Plus grandiose eût été enfin le projet qu’Osiris caressa, de faire construire une grande synagogue à Jérusalem – est-ce là une des raisons qui ont accrédité l’idée qu’il voulait reconstruire le Temple ? – sur le modèle de Buffault. Osiris l’a rêvé en ces termes : « Je donne et lègue au Consistoire Central des Israélites de France la somme de Deux Millions, à charge par lui de faire élever, dans la ville de Jérusalem, sur un terrain acquis à cet effet un temple qui sera consacré au rite Séphardi. Ce temple devra être d’architecture romaine (sic) et rappeler par son style, comme par ses dispositions générales, celui que j’ai fait construire rue Buffault à Paris13.»
Pour couronner son œuvre, il envisageait d’y voir officier un grand rabbin français... La diffusion du temple de la rue Buffault comme modèle fut indéniablement favorisée par sa publication dans les revues d’architecture, sous
formes de planches : ainsi, dès 1878, deux recueils en donnent les plans. Les accompagnant d’une notice fouillée, Le Moniteur des architectes (5e volume, 1878) publient deux planches gravées, plan du rez-de-chaussée et façade.

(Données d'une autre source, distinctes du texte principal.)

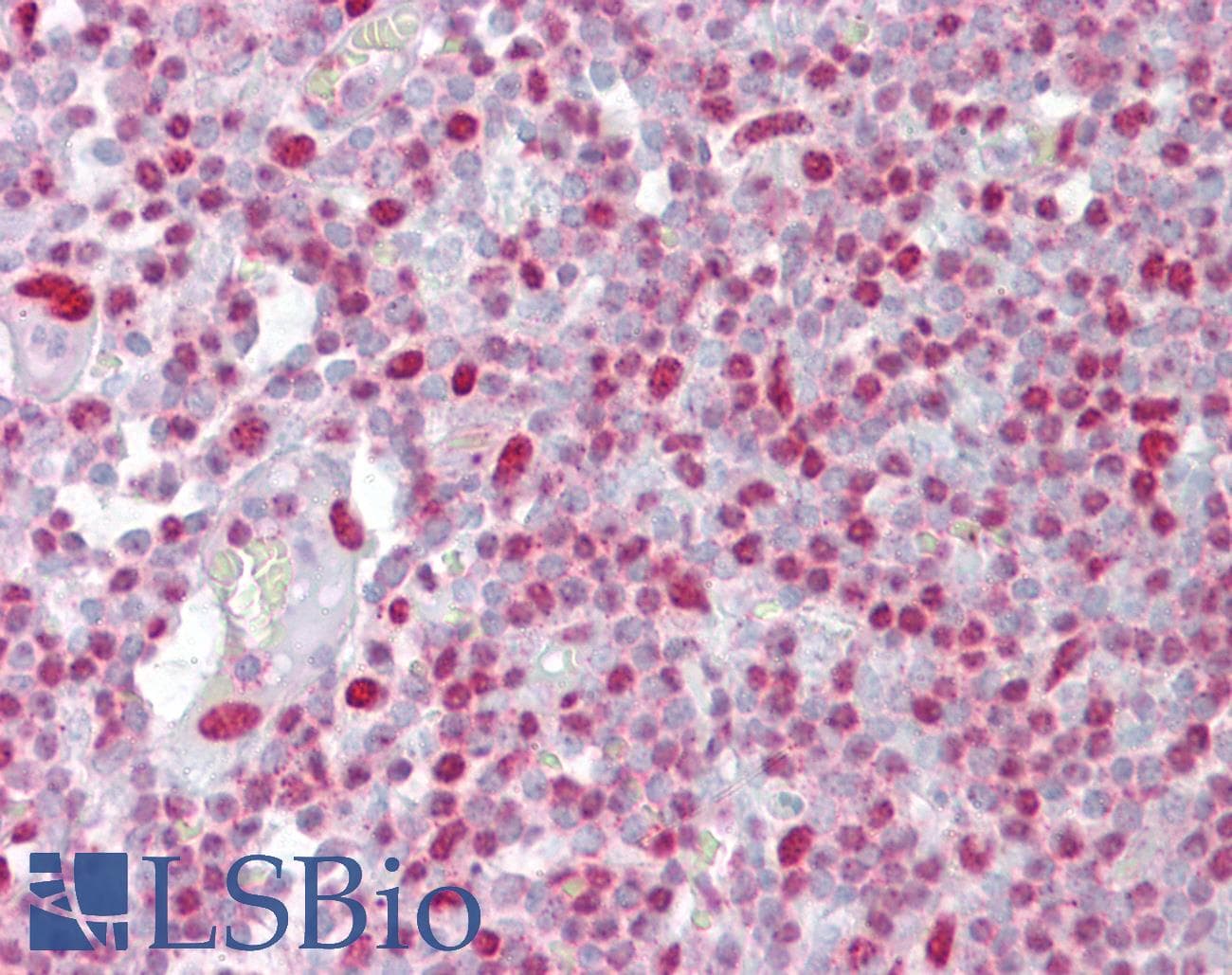 Polyclonal Rabbit anti-Human H2AFX / H2AX Antibody (C-Terminus, IHC, WB)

Quant au Recueil d’architecture de Wulliam et Farge, dans sa rubrique « architecture religieuse, 3e section, cultes divers », la même année, il offre aux architectes trois planches de grand format, la façade, le plan du rez-de-chaussée et le plan de l’étage. Ces documents forment la meilleure attestation de l’originalité de l’aménagement intérieur des synagogues de tradition portugaise. Peut-être est-ce à travers ces planches que l’architecte de la synagogue de la place Belcourt à Alger a puisé son inspiration ? Il reprend le fronton curviligne percé d’oculi, les arcs concentriques, la rose et jusqu’aux pyramidions latéraux.
Néanmoins, en dehors de Lausanne, Osiris n’a pas vraiment imposé le modèle de Buffault dans les communautés qu’il voulut doter d’une synagogue ; il souhaitait y consacrer des sommes trop modestes pour cela. Il avait en vue une trentaine de synagogues, mais ne put en réaliser que quatre dans le cadre de ce projet tardif, en partie de manière posthume : Bruyères (1903), Vincennes et Tours (1908), Tunis (1937). En revanche, s’il ne souhaita pas qu’elles ressemblent à celle de la rue Buffault, dont il était si fier, il aurait voulu qu’elles fussent toutes dotées de plaques commémoratives, l’une à sa propre mémoire, l’autre aux « illustres enfants d’Israël. » Ce vœu n’a été respecté qu’à Bruyères (elle est construite de son vivant) et à Lausanne.
12 - La Semaine des Constructeurs, 6e année, n° 12, 16 septembre 1882, p. 142.
13 - Testament d’Osiris, août 1898, f° 36-37. Le mot « romaine » surprend ; voulait-il dire « romane » ?
   Plaque apposée dans la synagogue de Lausanne.